Заметался "король проповеди" и, актёрски закатывая глаза, заявил:

– Этому есть два научных объяснения. Первое: он спешил к любимой женщине в Самарканд, которая опасно заболела.

Тут она широко раскрыла на "короля проповеди" глаза и рассмеялась. Нет, она не знала тогда, что от пределов России он пошёл не в Самарканд, а на Астрахань, которую и взял почти сходу в декабре при двадцатиградусном морозе, вьюге. Но уж больно нелепо выглядело это объяснение. Она представила, как на такое его решение отреагировало бы войско, четыреста тысяч головорезов, двадцать лет с коней не слезавших и в совершенстве умевших только одно – убивать. И снова рассмеялась.

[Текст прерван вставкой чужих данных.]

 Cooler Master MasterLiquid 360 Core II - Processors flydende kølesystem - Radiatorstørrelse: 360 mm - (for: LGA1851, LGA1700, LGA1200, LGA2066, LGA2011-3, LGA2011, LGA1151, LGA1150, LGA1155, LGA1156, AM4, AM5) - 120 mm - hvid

– Вы смеётесь над любовью, ваше высочество, – расстроенно произнёс "король проповеди".

– Я смеюсь не над любовью, – она сразу посерьёзнела. – Я смеюсь над первым научным объяснением, – и совсем уже холодно спросила:

– Надеюсь, над вторым вы не дадите повода смеяться?

– А второе объяснение – это русская погода, осень-зима надвигались, а эти два времени года – ох-хо-хо, гибельны для любой армии сами по себе. Печальный опыт Наполеона – типичный пример для тех, кто пренебрегает этим.

"А нечего тогда лезть!" – сердито подумала она, и мысль эту явно дополняло "к нам". Опять же, ничего она не знала о вьюжно-морозном штурме астраханских стен прямо с походного марша, но ей казалось неправдоподобным, что среди тёплого августа Тамерлан испугался будущих морозов. Раздавив на Оке неумелых ополченцев Василия Димитриевича, ему б до Новгорода и назал вполне двух недель хватило. Над вторым научным объяснением она смеяться не стала, только усмехнулась и головой покачала. Сколько раз она потом сталкивалась с этим, когда не хотят видеть очевидные вещи такими, как они есть, и не иноземные "короли проповеди", а близкие окружающие подданные, которые подданными быть перестали, а судорожно пилили сук, на котором сидели. Но всё это потом.